═══ Collected material ═══

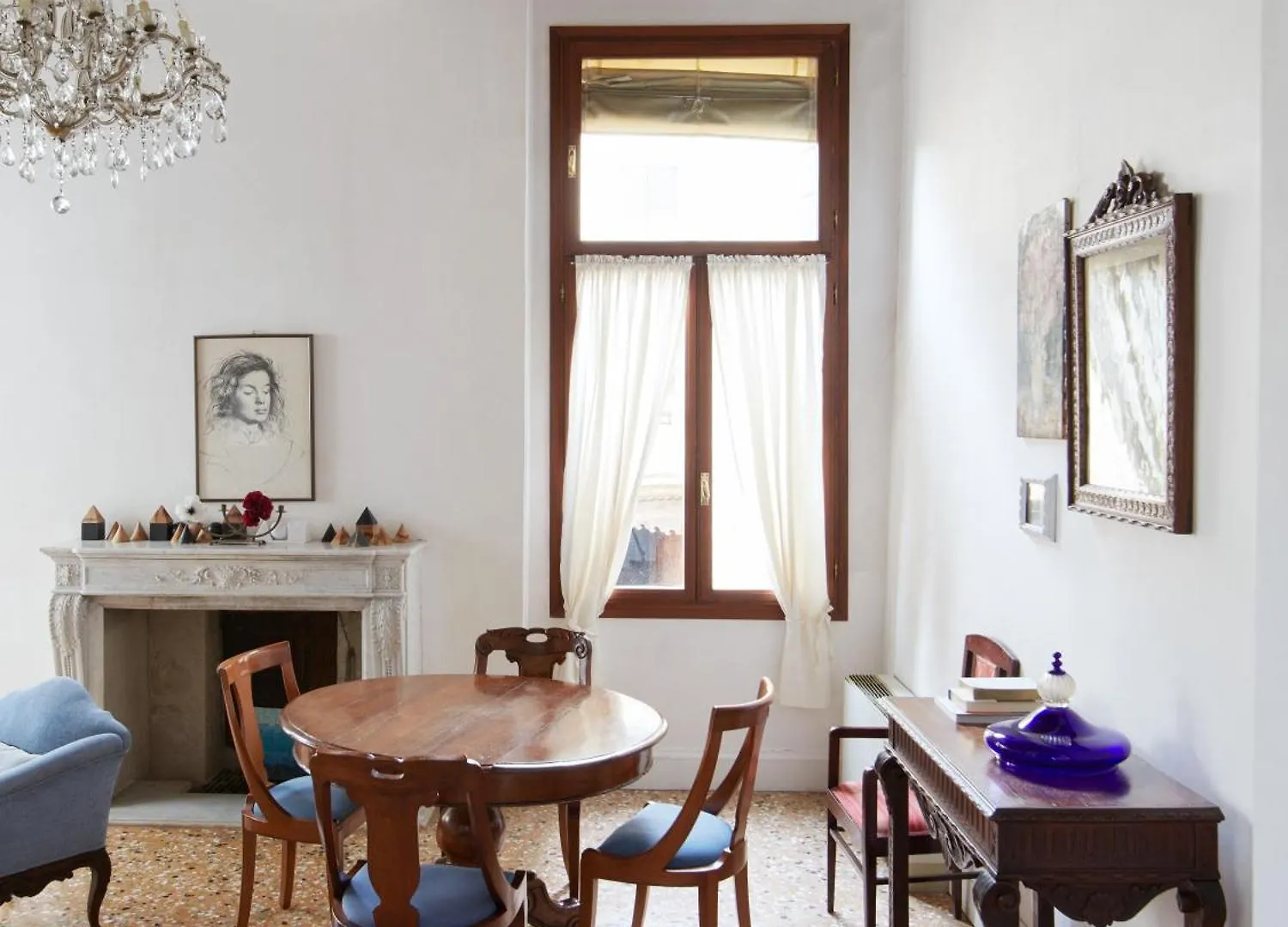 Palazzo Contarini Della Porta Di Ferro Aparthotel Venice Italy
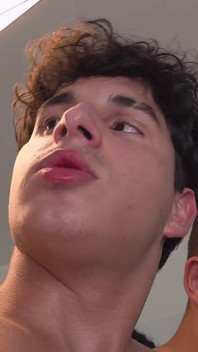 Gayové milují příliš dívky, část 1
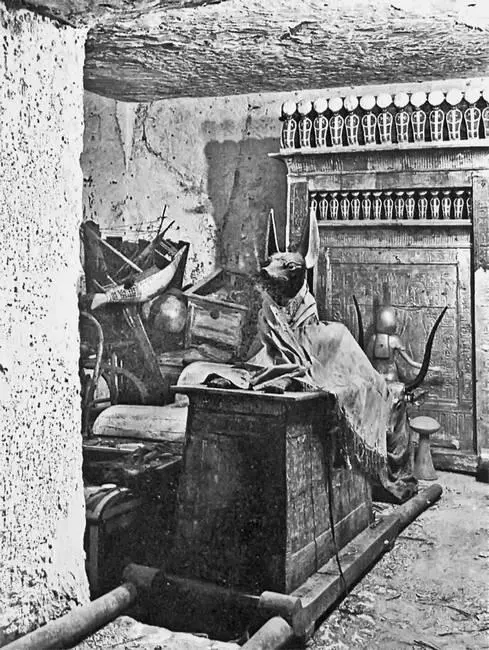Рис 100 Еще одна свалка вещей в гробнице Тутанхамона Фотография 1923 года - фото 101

═══

What to produce ::
Take the line containing "Gayové milují příliš dívky, část 1" through the last line of the material and retype exactly those lines, both ends included, with no pictures.

Answer space ::
 Gayové milují příliš dívky, část 1
Рис 100 Еще одна свалка вещей в гробнице Тутанхамона Фотография 1923 года - фото 101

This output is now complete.